◆ **WORK INSTRUCTION**: Pull every "with" line out of the data below.

[DATA FOR THE TASK]

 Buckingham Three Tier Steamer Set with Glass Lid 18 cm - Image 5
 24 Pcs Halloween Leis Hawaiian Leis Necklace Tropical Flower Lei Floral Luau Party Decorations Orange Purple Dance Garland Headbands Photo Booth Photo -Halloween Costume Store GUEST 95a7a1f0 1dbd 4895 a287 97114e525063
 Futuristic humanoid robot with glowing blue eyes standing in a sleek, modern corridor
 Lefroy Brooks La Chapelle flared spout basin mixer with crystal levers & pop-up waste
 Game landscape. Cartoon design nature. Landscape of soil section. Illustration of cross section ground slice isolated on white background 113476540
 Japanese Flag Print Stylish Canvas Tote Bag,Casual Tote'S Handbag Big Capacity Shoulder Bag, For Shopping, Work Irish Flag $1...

[/DATA FOR THE TASK]
[DATA FOR THE TASK]

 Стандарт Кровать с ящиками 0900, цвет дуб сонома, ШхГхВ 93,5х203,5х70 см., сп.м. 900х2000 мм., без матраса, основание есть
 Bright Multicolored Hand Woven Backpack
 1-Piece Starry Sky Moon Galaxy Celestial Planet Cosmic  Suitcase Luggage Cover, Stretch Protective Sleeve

[/DATA FOR THE TASK]

◆ **EXERCISE OUTPUT**:
 Buckingham Three Tier Steamer Set with Glass Lid 18 cm - Image 5
 Futuristic humanoid robot with glowing blue eyes standing in a sleek, modern corridor
 Lefroy Brooks La Chapelle flared spout basin mixer with crystal levers & pop-up waste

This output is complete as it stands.